Dataset section:

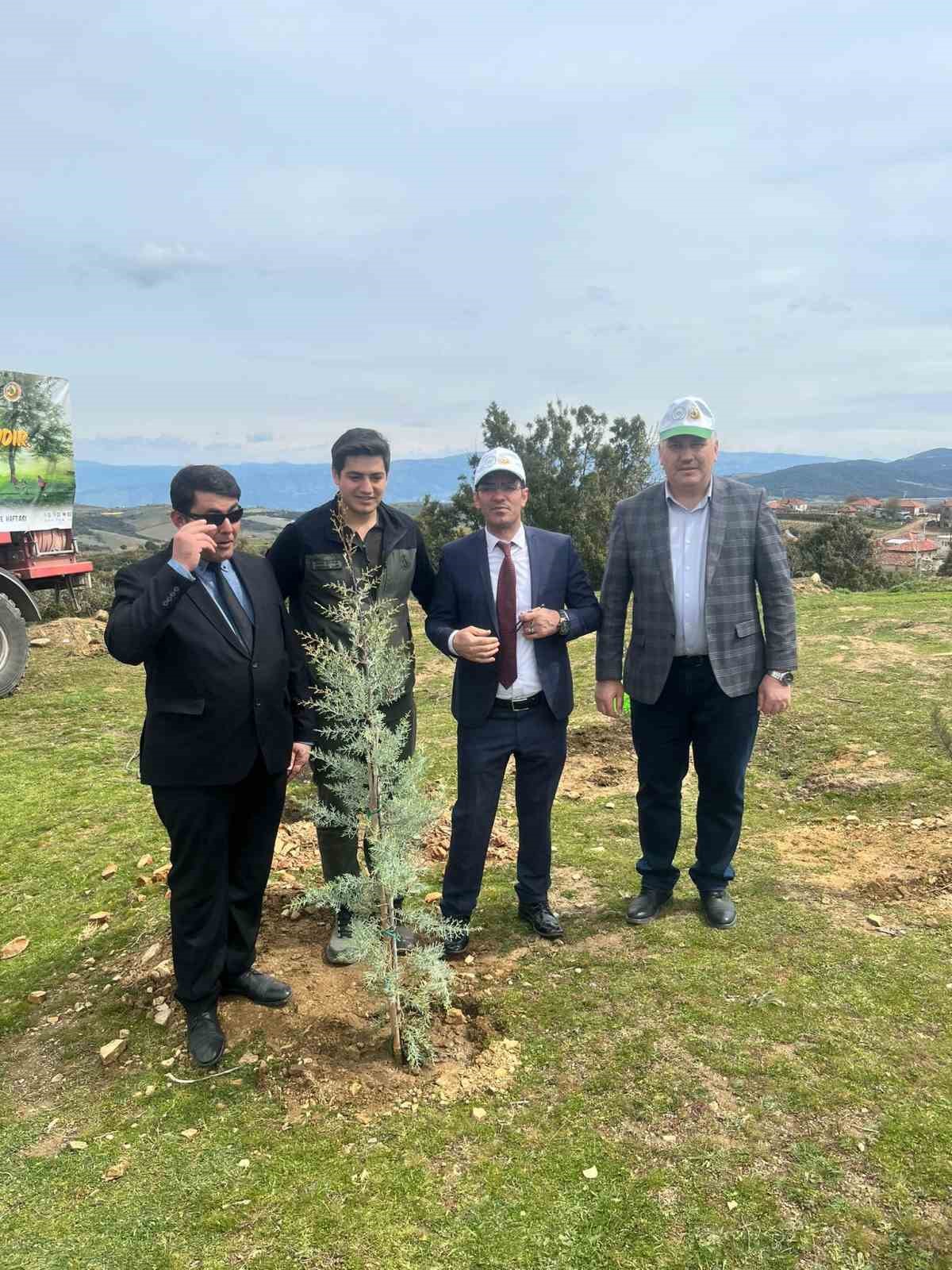 Sarıgöl’de öğrenciler doğa sevgisini sahada öğrendi
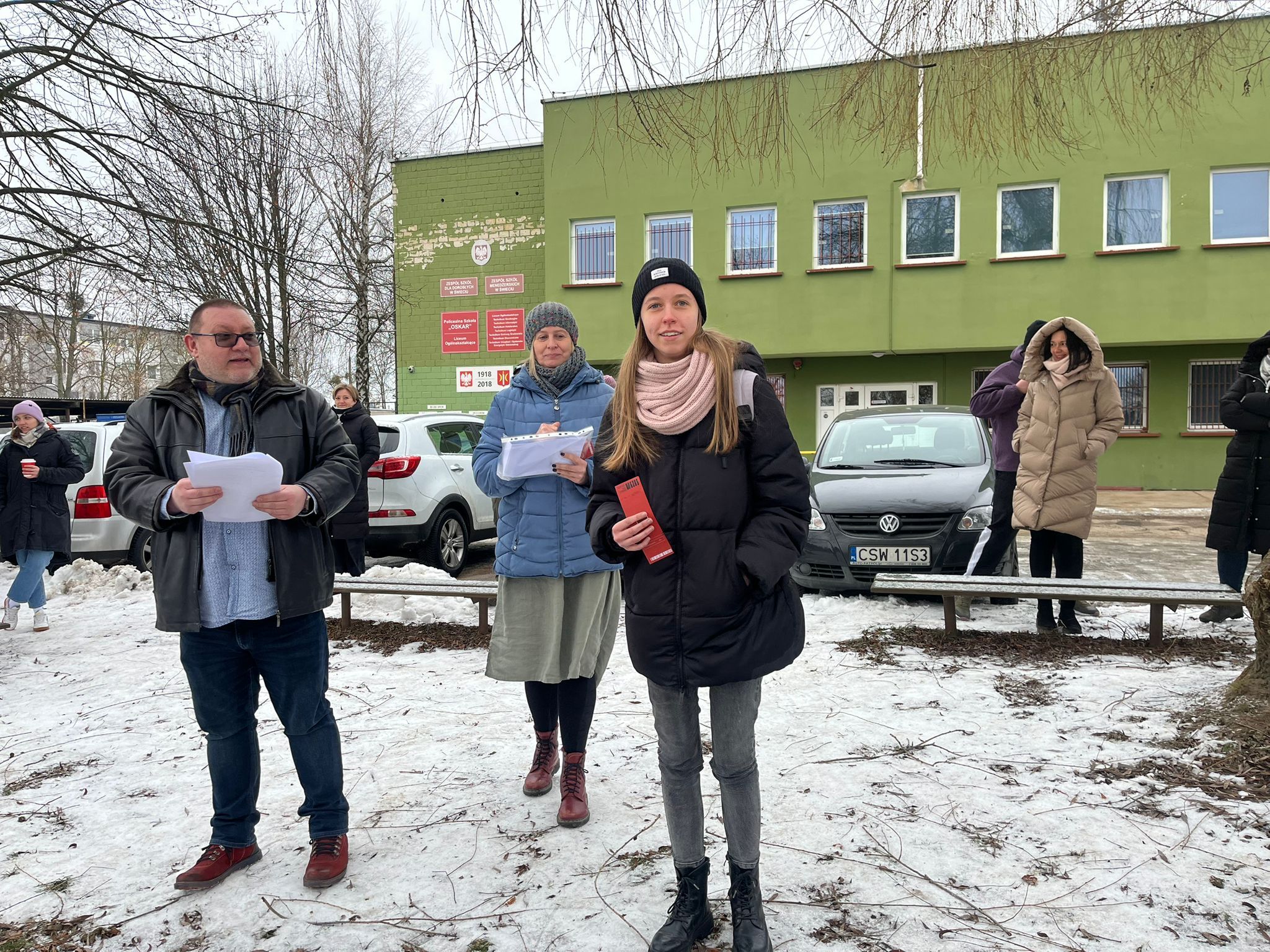 Zaległe zdjęcia, z ostatniego apelu :)  Stypendia Dyrektora oraz wyróżnienia za frekwencję dla uczni (zdjęcie 3)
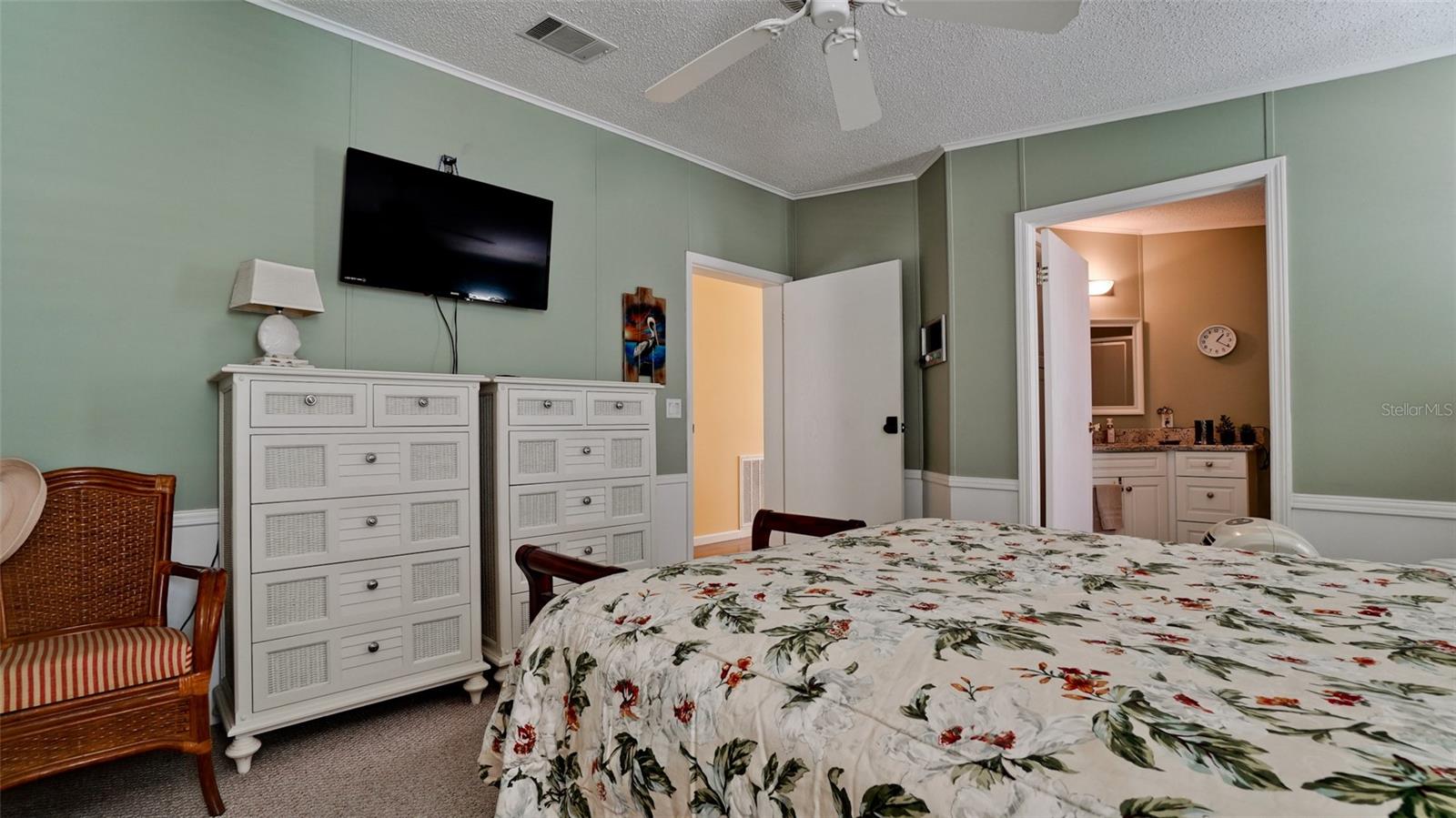 1 4TH ST, BRADENTON, FL, 34210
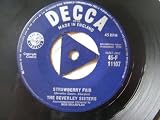 BEVERLEY SISTERS Strawberry Fair/Little Drummer Boy 7"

What to do: Once the line containing "1 4TH ST, BRADENTON, FL, 34210" is found, transcribe it and the rest of the lines to the end of the listing above exactly, omitting all pictures.

Reply:
 1 4TH ST, BRADENTON, FL, 34210
 BEVERLEY SISTERS Strawberry Fair/Little Drummer Boy 7"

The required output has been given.